Crawled caption data
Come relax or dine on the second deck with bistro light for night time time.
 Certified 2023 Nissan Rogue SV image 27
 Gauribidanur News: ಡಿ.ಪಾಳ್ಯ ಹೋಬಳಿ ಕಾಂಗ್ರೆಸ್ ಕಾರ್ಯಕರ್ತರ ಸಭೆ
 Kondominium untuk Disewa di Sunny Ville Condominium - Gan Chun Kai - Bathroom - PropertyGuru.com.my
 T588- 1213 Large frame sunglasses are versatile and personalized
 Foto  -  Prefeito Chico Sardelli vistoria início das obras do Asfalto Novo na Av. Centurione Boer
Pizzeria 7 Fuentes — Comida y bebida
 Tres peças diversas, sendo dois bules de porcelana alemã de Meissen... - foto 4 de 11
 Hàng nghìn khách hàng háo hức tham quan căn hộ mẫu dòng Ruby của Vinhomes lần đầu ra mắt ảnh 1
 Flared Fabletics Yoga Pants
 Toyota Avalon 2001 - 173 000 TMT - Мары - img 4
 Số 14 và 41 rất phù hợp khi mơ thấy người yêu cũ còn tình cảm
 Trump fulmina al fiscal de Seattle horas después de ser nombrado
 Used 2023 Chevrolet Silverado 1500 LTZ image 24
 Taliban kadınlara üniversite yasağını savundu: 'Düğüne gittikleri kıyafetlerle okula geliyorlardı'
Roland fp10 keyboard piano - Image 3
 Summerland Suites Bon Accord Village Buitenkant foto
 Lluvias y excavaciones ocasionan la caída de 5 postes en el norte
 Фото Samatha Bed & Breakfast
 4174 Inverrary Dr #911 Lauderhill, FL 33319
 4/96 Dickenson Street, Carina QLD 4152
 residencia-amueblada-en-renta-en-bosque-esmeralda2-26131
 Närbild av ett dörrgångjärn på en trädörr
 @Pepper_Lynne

-- Exercise instructions --
Each entry above needs to be output exactly.

-- Written solution --
Come relax or dine on the second deck with bistro light for night time time.
 Certified 2023 Nissan Rogue SV image 27
 Gauribidanur News: ಡಿ.ಪಾಳ್ಯ ಹೋಬಳಿ ಕಾಂಗ್ರೆಸ್ ಕಾರ್ಯಕರ್ತರ ಸಭೆ
 Kondominium untuk Disewa di Sunny Ville Condominium - Gan Chun Kai - Bathroom - PropertyGuru.com.my
 T588- 1213 Large frame sunglasses are versatile and personalized
 Foto  -  Prefeito Chico Sardelli vistoria início das obras do Asfalto Novo na Av. Centurione Boer
Pizzeria 7 Fuentes — Comida y bebida
 Tres peças diversas, sendo dois bules de porcelana alemã de Meissen... - foto 4 de 11
 Hàng nghìn khách hàng háo hức tham quan căn hộ mẫu dòng Ruby của Vinhomes lần đầu ra mắt ảnh 1
 Flared Fabletics Yoga Pants
 Toyota Avalon 2001 - 173 000 TMT - Мары - img 4
 Số 14 và 41 rất phù hợp khi mơ thấy người yêu cũ còn tình cảm
 Trump fulmina al fiscal de Seattle horas después de ser nombrado
 Used 2023 Chevrolet Silverado 1500 LTZ image 24
 Taliban kadınlara üniversite yasağını savundu: 'Düğüne gittikleri kıyafetlerle okula geliyorlardı'
Roland fp10 keyboard piano - Image 3
 Summerland Suites Bon Accord Village Buitenkant foto
 Lluvias y excavaciones ocasionan la caída de 5 postes en el norte
 Фото Samatha Bed & Breakfast
 4174 Inverrary Dr #911 Lauderhill, FL 33319
 4/96 Dickenson Street, Carina QLD 4152
 residencia-amueblada-en-renta-en-bosque-esmeralda2-26131
 Närbild av ett dörrgångjärn på en trädörr
 @Pepper_Lynne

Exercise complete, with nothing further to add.